High-Mg diorites (HMDs) have important implications on crust-mantle interactions and subduction processes, and are widely used to delineate ancient convergent plate margins. In this study, we described a newly-identified high-Mg diorite-granodiorite suite in the Tengchong terrane (SE Tibetan Plateau), and presented its petrography, whole-rock geochemistry, SrNd isotopes, and zircon U-Pb-Hf-O isotopic compositions. High-precision SIMS zircon UPb dating yielded consistent Early Cretaceous ages (~120 Ma) for all lithologies in this high-Mg suite. The high-Mg diorite is characterized by high MgO (4.7–9.2 wt%), Cr (169–323 ppm) and Ni (32–138 ppm) contents, together with high (87Sr/86Sr)i (0.70867–0.71060) and negative εNd(t) (−4.07 to −6.80) values.
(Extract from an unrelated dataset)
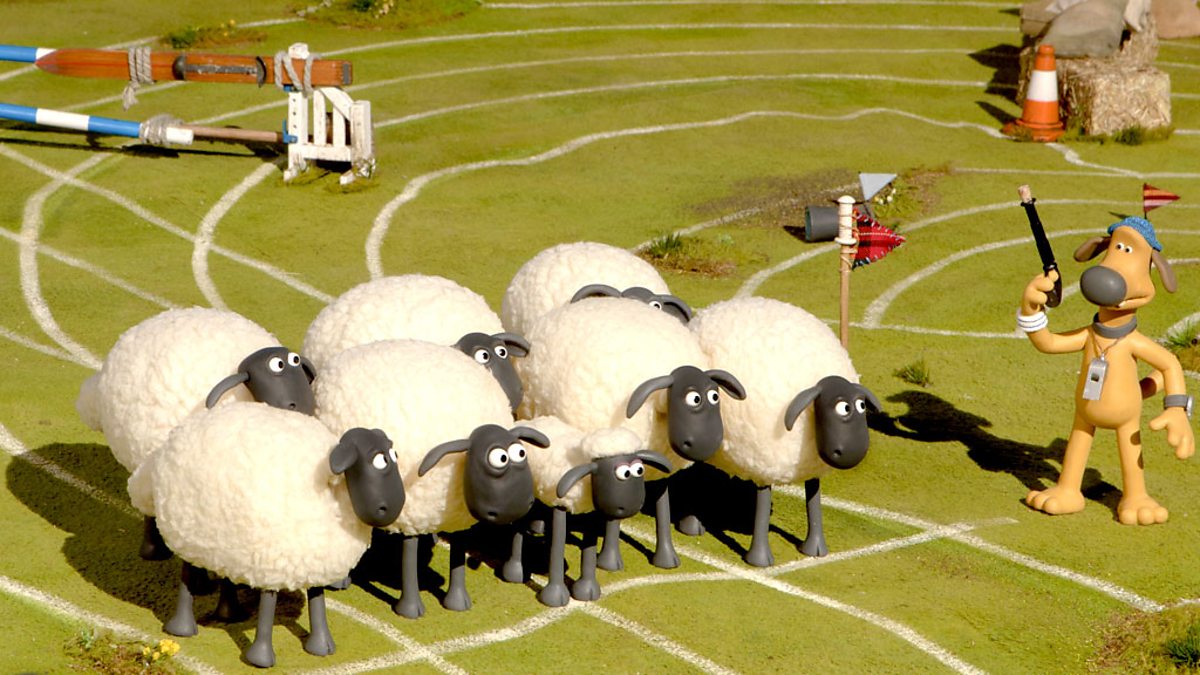 Shaun the Sheep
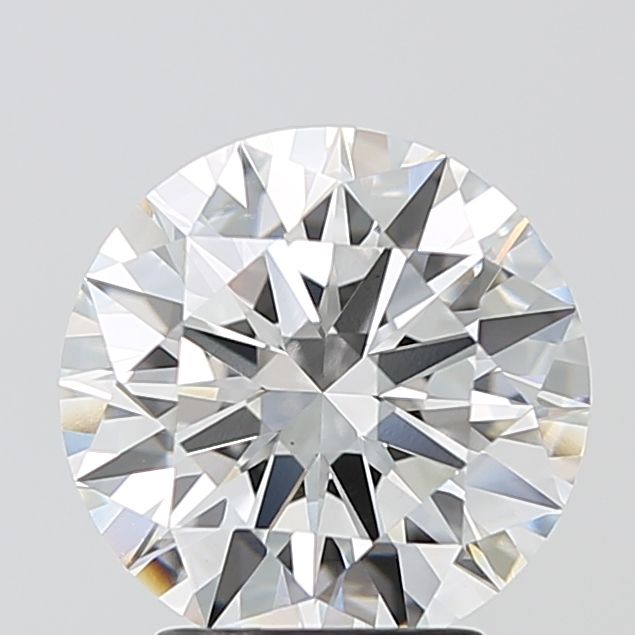 Lab Grown Diamond Lab-grown 3,1Ct F-VS1 Round - IGILG795675147 1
Their zircon εHf(t) vary from −5.64 to +4.12, and their δ18O (6.0 to 6.9‰) are slightly higher than the average mantle value. The granodiorite has higher SiO2 and lower MgO contents, and varying zircon εHf(t) (−12.19 to −2.71) and δ18O (6.3 to 8.1‰). The rocks are characterized by enrichments in large ion lithophile elements (LILEs: e.g., Rb, Th, U, K) and light rare earth elements (LREEs), but depleted in high field strength elements (HFSEs), and have also high (87Sr/86Sr)i (0.71057–0.711860) and negative εNd(t) (−8.42 to −9.14). Mafic microgranular enclaves (MMEs) in the granodiorite have intermediate SiO2, MgO, and trace elements and Sr-Nd-Hf-O isotope compositions between the high-Mg diorite and the granodiorite. Based on these geochemical and isotopic features, we interpreted that the high-Mg diorite was generated from the interaction of subducted sediment-derived melt with the overlying mantle wedge, whilst the granodiorite was sourced from the ancient continental crust with minor mantle-derived input. Mixing between the mantle-derived high-Mg dioritic melt and the crustal-derived granodioritic melt may have formed the MMEs. Our new geochemical (incl. isotopic) data, combined with published ones across the region, suggest that these Early Cretaceous plutons were formed by asthenospheric upwelling, which was probably led by slab rollback of the west-dipping subduction of the Luxi-Ruili Ocean between the Baoshan and Tengchong terranes. This implies that the southeastern continuation of the Tethyan Bangong-Nujiang Ocean was located between the Baoshan and Tengchong terranes, instead of between the Tengchong and West Burma terranes as previously suggested.